**Description of the task**
In the entries below, find the line containing "chill, clingy, vibey gf. 🫶" and the line containing "Perie de păr". Copy those two lines and everything between them exactly, without the pictures.

**Available records**
● ● ● ● ●

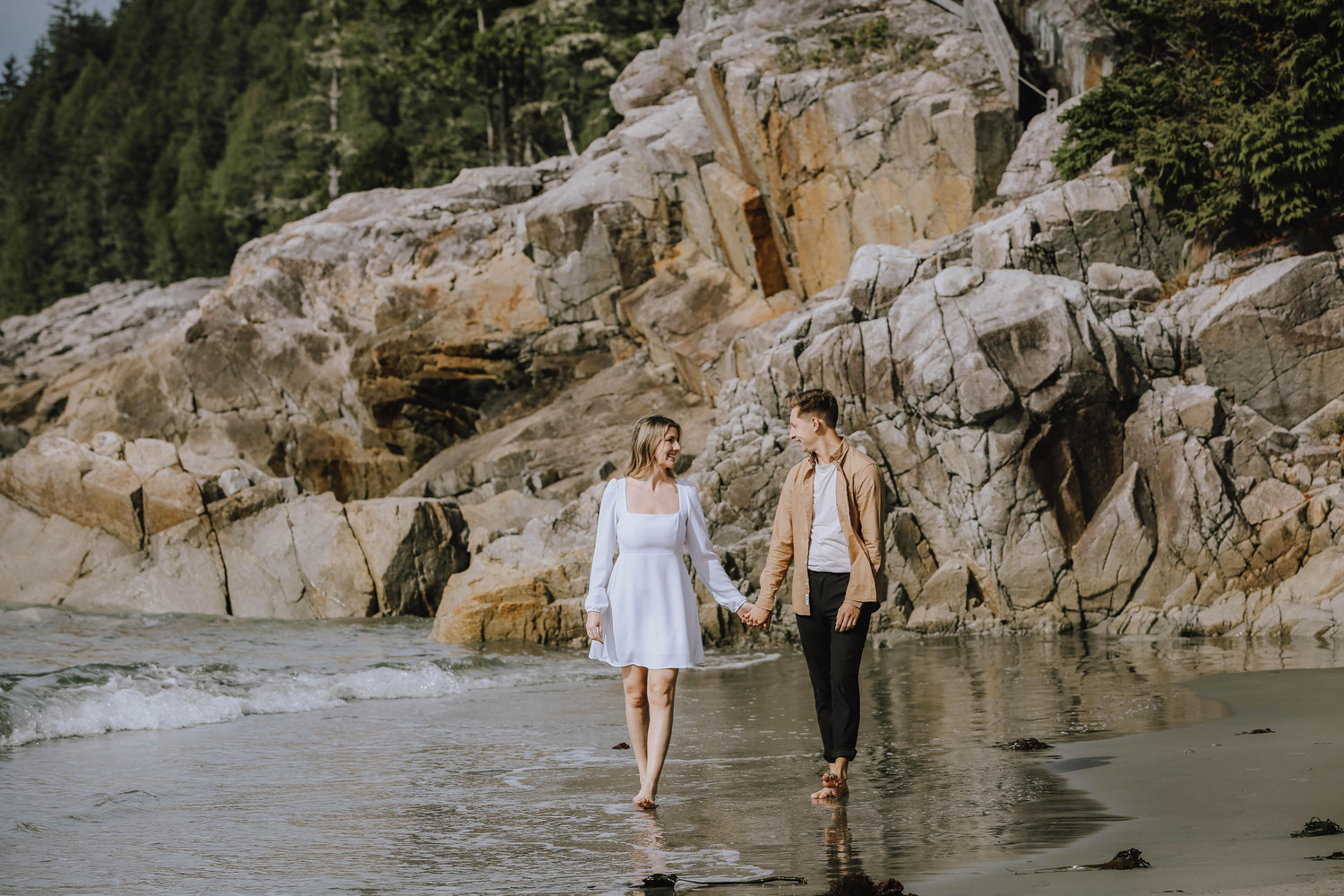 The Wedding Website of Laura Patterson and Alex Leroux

● ● ● ● ●

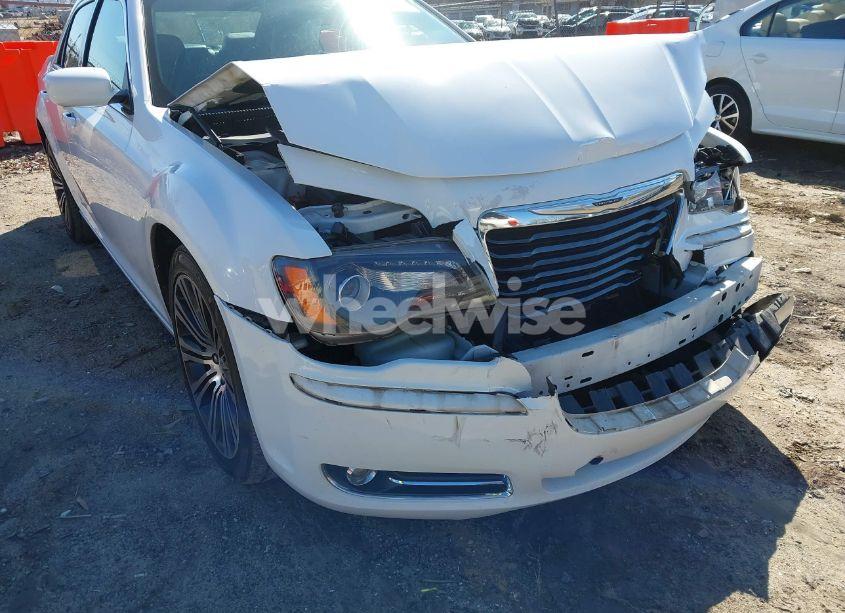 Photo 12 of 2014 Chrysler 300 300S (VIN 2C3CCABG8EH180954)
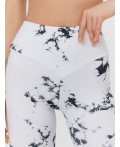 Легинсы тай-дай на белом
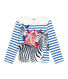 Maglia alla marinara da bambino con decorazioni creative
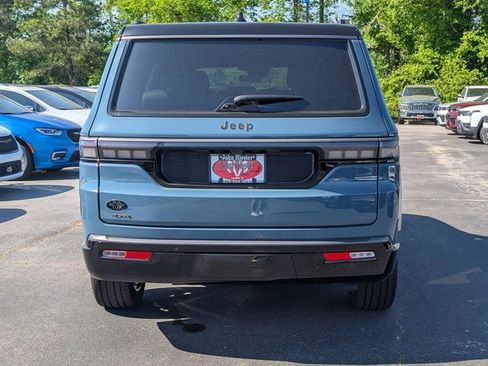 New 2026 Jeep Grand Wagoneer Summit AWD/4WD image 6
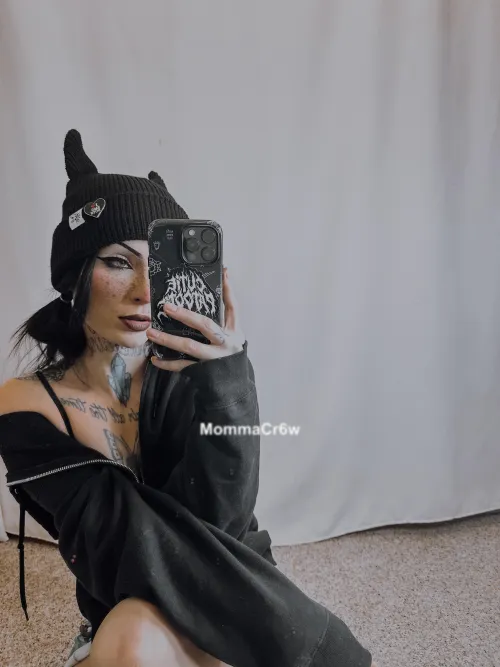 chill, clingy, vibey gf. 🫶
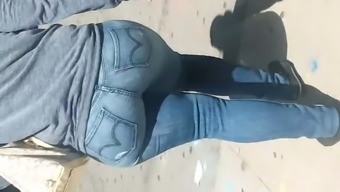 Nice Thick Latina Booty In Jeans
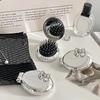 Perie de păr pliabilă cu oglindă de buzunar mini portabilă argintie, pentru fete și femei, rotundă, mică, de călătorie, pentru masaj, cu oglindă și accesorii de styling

● ● ● ● ●

**Your response**
 chill, clingy, vibey gf. 🫶
 Nice Thick Latina Booty In Jeans
 Perie de păr pliabilă cu oglindă de buzunar mini portabilă argintie, pentru fete și femei, rotundă, mică, de călătorie, pentru masaj, cu oglindă și accesorii de styling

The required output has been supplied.